Add 2 1/2 tablespoons sugar.




and 2 teaspoons of dry yeast.




Stir to dissolve the sugar and yeast.  Set aside.




Meanwhile, in the bowl of a food processor add 3 cups bread flour and 1/3 cup all-purpose flour.

I discovered that making dough in a food processor is super fast and makes a beautiful dough.




To the flour add 1 1/2 teaspoons salt.  

Pulse the flour ingredients together a few times to combine.





Cut up the 1/4 cup butter.




Add to the flour mixture.




Pulse several times until the flour mixture is like a sandy mixture.




Beat 1 egg.




Add to the flour mixture.




Place the lid on the processor and slowly pour in the water/yeast mixture with the machine running.




Keep the processor running until a smooth soft dough forms.

The entire process will probably take 3 minutes.  How awesome is that?




Butter a large bowl.




Remove dough from processor and form into a smooth ball of dough.




Place in butter bowl.




Cover with plastic wrap and let rise for 1-2 hours or until doubled in size.




This dough is so soft and nice you shouldn't need to place it on a floured board.  The dough is perfect to handle as is.




Remove dough from the bowl.




Cut dough into 8 equal portions.






If you're anal and want each bun to be the exact same size, you can weigh it.  I found that I can make eight 4-ounce buns.  




Shape the buns into a ball.




Then gently flatten to form a disk.




Place on a baking sheet lined with parchment paper or lightly greased.  

I like to place them far apart because they will rise quite a bit.  No more than 6 to a baking sheet.




To glaze the buns you will need:

1 egg
1 tablespoon cold water
poppy seeds, sesame seeds, if desired




Whisk the egg and water together creating an egg wash.

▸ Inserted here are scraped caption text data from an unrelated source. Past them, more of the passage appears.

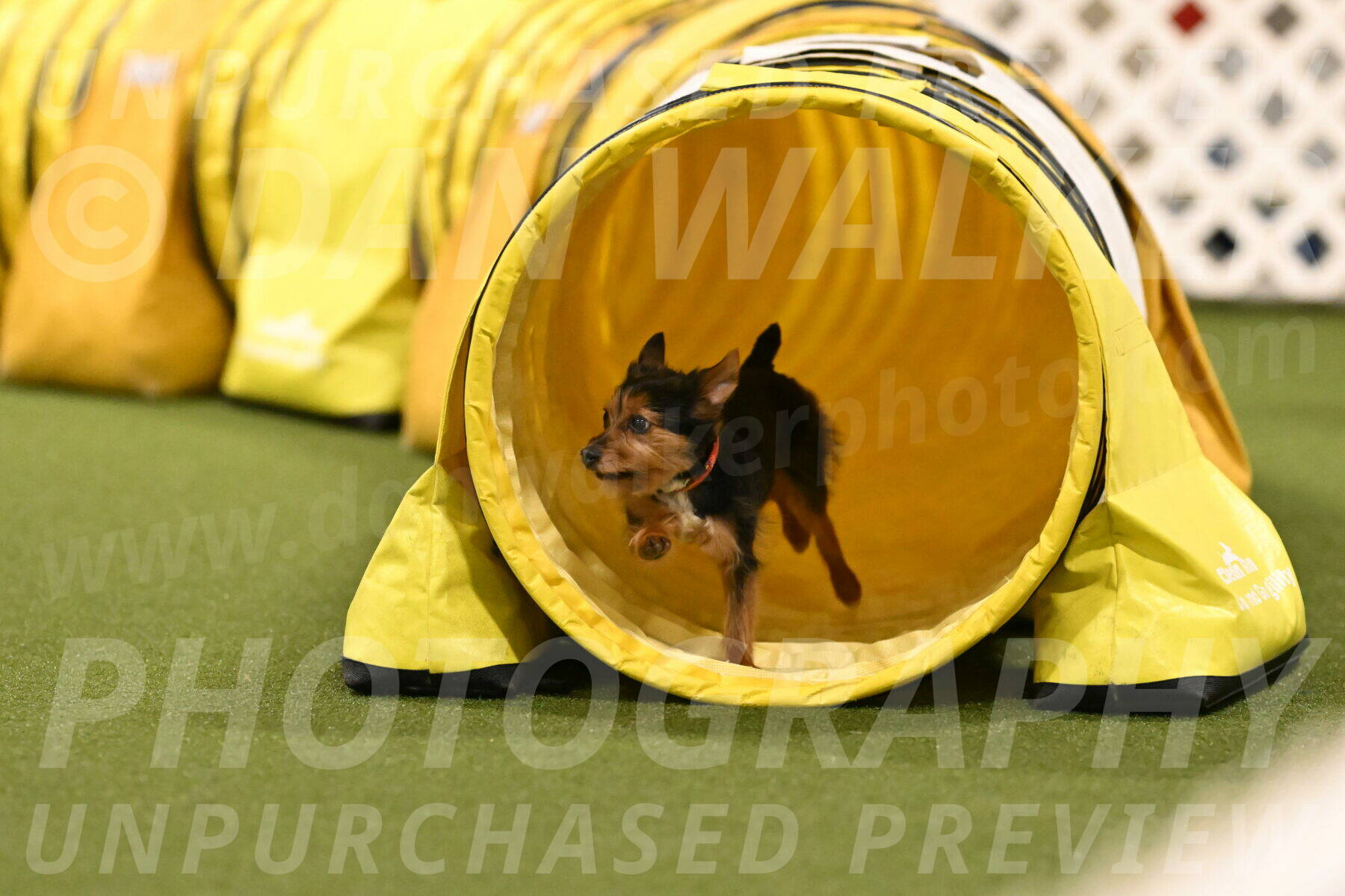 Kash-Kayla-Mickey-10632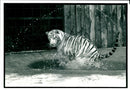 Rare white Tiger being trained by keeper - Vintage Photograph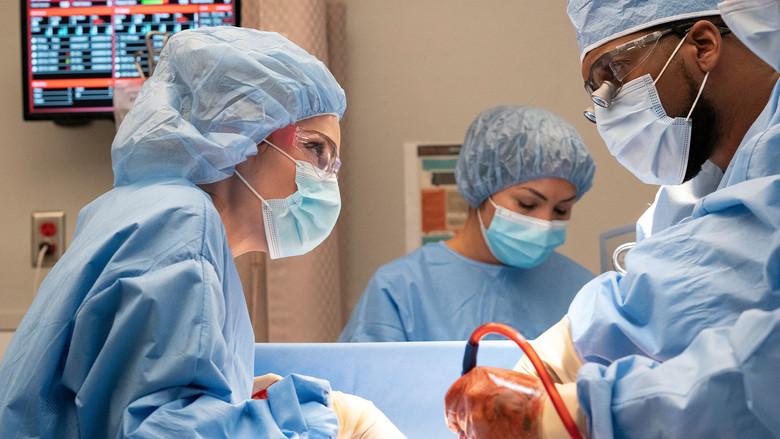 Sangre, sudor y lágrimas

Gently brush the dough with egg wash.  Make sure to brush around the sides.




Sprinkle with poppy seeds or sesame seeds, if you so choose.




Spray a piece of plastic wrap with nonstick spray and lightly cover the buns.   




Allow to rise for an additional 30-60 minutes.





You can tell if the dough is fully risen by gently pressing on the dough.  If it feels like a marshmallow, then it's ready to bake.




Place in a preheated 400 F (205C) degree oven.  




Bake for 15 minutes or until golden brown.  Remove from oven and allow to cool before storing.  

I have made them a week in advance then placed them in the freezer.  The buns will thaw perfectly.  Spread with a little butter and toast for the perfect bed for a burger.





This makes a large bun.  Dough can easily be divided into smaller rounds for smaller buns. Diving dough into 16 small pieces of dough makes a perfect slider bun.











 Brioche Burger Buns


1 (240 ml) cup warm water


3 tablespoons (45 ml) warm milk

2 teaspoons active dry yeast
2 1/2 tablespoons (15 gr) sugar
1 large egg
3 cups (360 gr) bread flour
1/3 cup (40 gr) all-purpose flour
1 1/2 teaspoons salt
1/4 cup (55 gr) unsalted butter, softened

Topping:
1 egg, beaten
1 tablespoon water
Sesame or poppy seeds (optional)

1. In a glass measuring cup, combine one cup warm water, the milk, yeast and sugar. Let stand until foamy, about five minutes. Meanwhile, beat one egg.

2.  In the bowl of a food processor fitted with a dough blade, add both flours, salt and butter.  Pulse several times until the butter is blended in and the flour mixture resembles sand. Beat the egg and add to the flour mixture.
  
3.  With the food processor running, slowly pour in water mixture and mixing until the dough forms a ball.  

3. Lightly butter a large bowl.  Shape dough into a ball and place it in the buttered bowl. Cover bowl with plastic wrap and let rise in a warm place until doubled in bulk, one to two hours.

4. Line a baking sheet with parchment paper. Using dough scraper, divide dough into 8 equal parts. Gently roll each into a ball, flatten slightly and shape into a disk. Arrange two to three inches apart on baking sheet. Cover loosely with a clean dish towel and allow to rise again for 1 to 1 1/2 hours or until the dough feels like a marshmallow when gently touched.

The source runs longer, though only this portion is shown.